(Records from a dataset)

····················

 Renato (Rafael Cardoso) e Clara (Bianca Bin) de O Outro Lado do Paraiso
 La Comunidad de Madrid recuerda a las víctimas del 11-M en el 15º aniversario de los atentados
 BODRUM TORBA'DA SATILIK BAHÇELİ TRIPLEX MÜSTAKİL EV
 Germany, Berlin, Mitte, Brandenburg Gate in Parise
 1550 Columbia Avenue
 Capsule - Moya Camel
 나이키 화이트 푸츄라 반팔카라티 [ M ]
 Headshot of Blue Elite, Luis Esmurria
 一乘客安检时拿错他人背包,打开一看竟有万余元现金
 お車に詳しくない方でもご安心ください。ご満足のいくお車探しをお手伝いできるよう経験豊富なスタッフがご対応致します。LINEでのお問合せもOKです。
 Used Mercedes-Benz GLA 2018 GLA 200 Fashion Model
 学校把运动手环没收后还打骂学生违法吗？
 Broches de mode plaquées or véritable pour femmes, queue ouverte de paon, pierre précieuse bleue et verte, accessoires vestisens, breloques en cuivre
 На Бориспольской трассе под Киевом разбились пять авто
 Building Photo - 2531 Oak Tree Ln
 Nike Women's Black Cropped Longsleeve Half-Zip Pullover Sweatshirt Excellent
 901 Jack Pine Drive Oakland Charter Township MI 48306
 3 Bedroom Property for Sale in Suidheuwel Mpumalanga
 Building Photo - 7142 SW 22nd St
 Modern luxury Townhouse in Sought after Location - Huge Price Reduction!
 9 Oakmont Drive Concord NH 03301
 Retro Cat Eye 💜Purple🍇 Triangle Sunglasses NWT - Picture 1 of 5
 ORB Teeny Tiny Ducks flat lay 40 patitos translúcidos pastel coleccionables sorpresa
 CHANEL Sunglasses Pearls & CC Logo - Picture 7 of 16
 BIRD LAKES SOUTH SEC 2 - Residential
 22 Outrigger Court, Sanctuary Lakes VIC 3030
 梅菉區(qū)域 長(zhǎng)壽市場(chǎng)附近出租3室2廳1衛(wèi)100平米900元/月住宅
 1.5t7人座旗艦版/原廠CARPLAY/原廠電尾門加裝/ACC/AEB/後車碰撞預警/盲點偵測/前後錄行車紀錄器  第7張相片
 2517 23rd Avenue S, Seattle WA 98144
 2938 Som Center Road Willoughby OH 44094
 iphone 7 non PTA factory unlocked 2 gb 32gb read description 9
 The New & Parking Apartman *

····················

» YOUR OBJECTIVE
Set the lines down exactly as they stand, beginning at the one that contains "Used Mercedes-Benz GLA" and stopping after the last line of the entries above.

» RESPONSE BELOW
 Used Mercedes-Benz GLA 2018 GLA 200 Fashion Model
 学校把运动手环没收后还打骂学生违法吗？
 Broches de mode plaquées or véritable pour femmes, queue ouverte de paon, pierre précieuse bleue et verte, accessoires vestisens, breloques en cuivre
 На Бориспольской трассе под Киевом разбились пять авто
 Building Photo - 2531 Oak Tree Ln
 Nike Women's Black Cropped Longsleeve Half-Zip Pullover Sweatshirt Excellent
 901 Jack Pine Drive Oakland Charter Township MI 48306
 3 Bedroom Property for Sale in Suidheuwel Mpumalanga
 Building Photo - 7142 SW 22nd St
 Modern luxury Townhouse in Sought after Location - Huge Price Reduction!
 9 Oakmont Drive Concord NH 03301
 Retro Cat Eye 💜Purple🍇 Triangle Sunglasses NWT - Picture 1 of 5
 ORB Teeny Tiny Ducks flat lay 40 patitos translúcidos pastel coleccionables sorpresa
 CHANEL Sunglasses Pearls & CC Logo - Picture 7 of 16
 BIRD LAKES SOUTH SEC 2 - Residential
 22 Outrigger Court, Sanctuary Lakes VIC 3030
 梅菉區(qū)域 長(zhǎng)壽市場(chǎng)附近出租3室2廳1衛(wèi)100平米900元/月住宅
 1.5t7人座旗艦版/原廠CARPLAY/原廠電尾門加裝/ACC/AEB/後車碰撞預警/盲點偵測/前後錄行車紀錄器  第7張相片
 2517 23rd Avenue S, Seattle WA 98144
 2938 Som Center Road Willoughby OH 44094
 iphone 7 non PTA factory unlocked 2 gb 32gb read description 9
 The New & Parking Apartman *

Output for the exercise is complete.